President Barack Obama is aiming to underscore his commitment to a region weary of calamity as he travels to New Orleans on the fifth anniversary of Hurricane Katrina.
Obama ends his Martha's Vineyard vacation Sunday and heads to the Gulf, five years to the day from when Katrina roared ashore in Louisiana. Eighty percent of New Orleans was flooded when the storm tore through protective levees.
More than 1,800 people along the Gulf coast died in the storm, mostly in Louisiana.
After years where halting progress mixed often with setbacks and despair, the city was getting back on its feet when the BP oil spill dealt another blow. The exploded well spewed more than 200 million gallons of crude into the Gulf before it was capped in mid-July.
Obama is to speak Sunday afternoon at Xavier University, a historically black, Catholic university that was badly flooded by the storm. The White House says he will discuss what's been done and remains to be done in rebuilding from Katrina, and also talk about an oil spill cleanup that's been complicated by conflicting assessments of how much oil remains and its long-term effects.
For Obama, one challenge is to reassure residents who remain skeptical of government promises after witnessing former President George W. Bush's response to Katrina, which was criticized as out-of-touch and hamhanded. Although criticism of Obama's response to the Gulf oil spill rarely reached the level of anger directed at Bush, some still saw it as lacking in speed and coordination. Obama has work to do to change that perception.
Moreover, Obama arrives as many residents of the Louisiana coast chafe under the moratorium on deepwater oil drilling he ordered in the wake of the spill, which is costing New Orleans' oil-industry-dependant economy. And many residents would like to see a greater federal commitment to restoring the coast's rapidly eroding wetlands which provide the first line of defense again hurricanes.
The one-day visit to New Orleans is the start of a grueling period for Obama, who must set a fall agenda amid punishing economic news. Crucial midterm elections loom in November.

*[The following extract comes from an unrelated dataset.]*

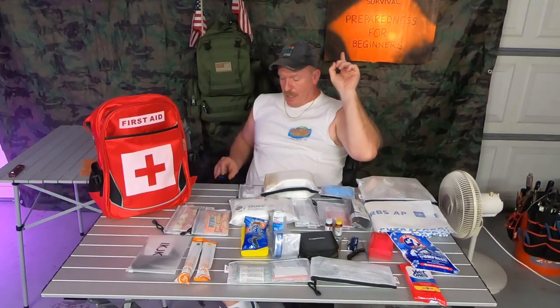Until next time — if you're looking for more information about any type of hurricane situation, I'll leave you a link right up here. Check out those videos and I'll catch you all on the flip side.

Tuesday marks the formal end to combat missions in Iraq, and Obama is to address troops in Ft. Bliss, Texas, and deliver an Oval Office speech. The next day he plunges into Middle East diplomacy, hosting Israeli Prime Minister Benjamin Netanyahu and Palestinian President Mahmoud Abbas for individual talks and a joint dinner ahead of direct negotiations Thursday between the leaders.
And once Congress returns after Labor Day, more battles await as Obama tries to push his legislative agenda.